By owais ahmad
On Sep 12, 2020
Mark Zuckerberg, founder and CEO of Facebook, finally addressed the Congress, but it turned out to be a nightmare for the proponents of Libra.
He admitted to the lawmakers that Facebook will pull out of the 21-member consortium if the Libra Association decides to launch the digital currency without receiving the US regulators’ approval.
After facing many tough questions on Wednesday on the digital currency project and Facebook’s intention of curbing illegal activities with it, Zuckerberg admitted that the Libra Association, not Facebook, will always have the final say on anything related to Libra.
Amid Zuckerberg’s stress on receiving approval from US regulators, Rep. Bill Huizenga (R-Mich.) asked: “You said that you won’t launch without U.S. regulator approval.

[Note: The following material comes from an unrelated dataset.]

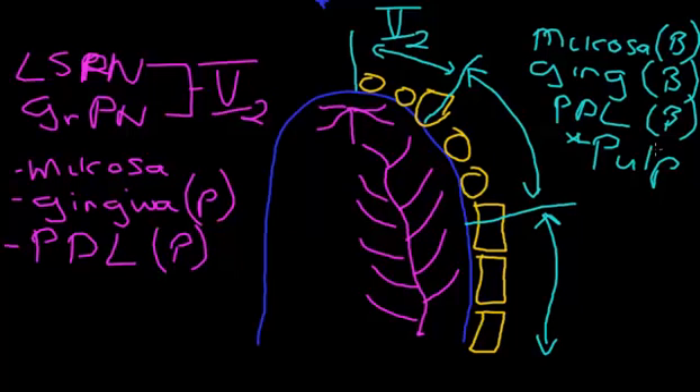The key addition here compared to the palatine nerves is the pulp. The pulp of the teeth is supplied in these three regions by branches of the maxillary division of the trigeminal nerve that come from the buccal surface. Each of these regions has a separate branch of the maxillary division of the trigeminal nerve, and the naming is rather simple — anterior, middle, and posterior thirds.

What happens if the association decides to launch despite that?”
“I believe we would be forced to leave the association,” Facebook’s CEO replied. “If I feel like Facebook can’t be a part of it, then Facebook won’t be a part of it.”
Though the answer was hypothetical, this raises many questions on the project and the mandatory role of Facebook in launching Libra.

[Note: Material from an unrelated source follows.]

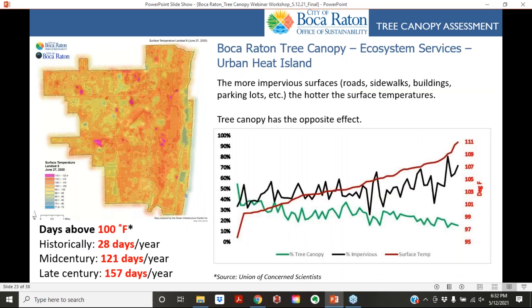We also looked at urban heat island effects. As temperature increases, urban tree canopy tends to decrease and impervious surfaces increase. The more impervious surfaces, the hotter the surface temperature, while tree canopy has the opposite effect. Historically, Boca Raton has had about 28 days per year over 100°F, but by mid-century that is projected to increase to 121 days per year, and by end of century to 157 days per year — nearly half the year. Planting trees now to mitigate future heat will be critically important for future generations.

Seven original members of the association including PayPal, Visa, Mastercard, and Stripe cut ties with Libra earlier this month amid concerns over negative regulatory scrutiny.
Libra Association was officially formed on October 14, however, none of the members signed any binding agreement to be a part of the consortium. Yesterday, BBC also revealed that the original members are yet to make any monetary commitment for the project and the topic was not even raised in the first general meeting.

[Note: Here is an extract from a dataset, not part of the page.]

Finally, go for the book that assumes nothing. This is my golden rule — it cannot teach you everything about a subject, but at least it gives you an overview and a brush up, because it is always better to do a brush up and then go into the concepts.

While replying to the question of receiving $10 million from the Libra Association members, Zuckerberg said he was unaware of any such financial transactions.
The lawmakers also raised concerns about the usage of Libra for illegal activities. Upon asking the question about the anonymity of Calibra wallet transactions, Zuckerberg said: “We see a range of cryptocurrencies. We are trying to build a safe and secure and regulated alternative. As a big company, we’re not going to do something that’s unregulated or decentralized. We want to get to the same standard on money laundering or CFT [counter-terrorism financing].”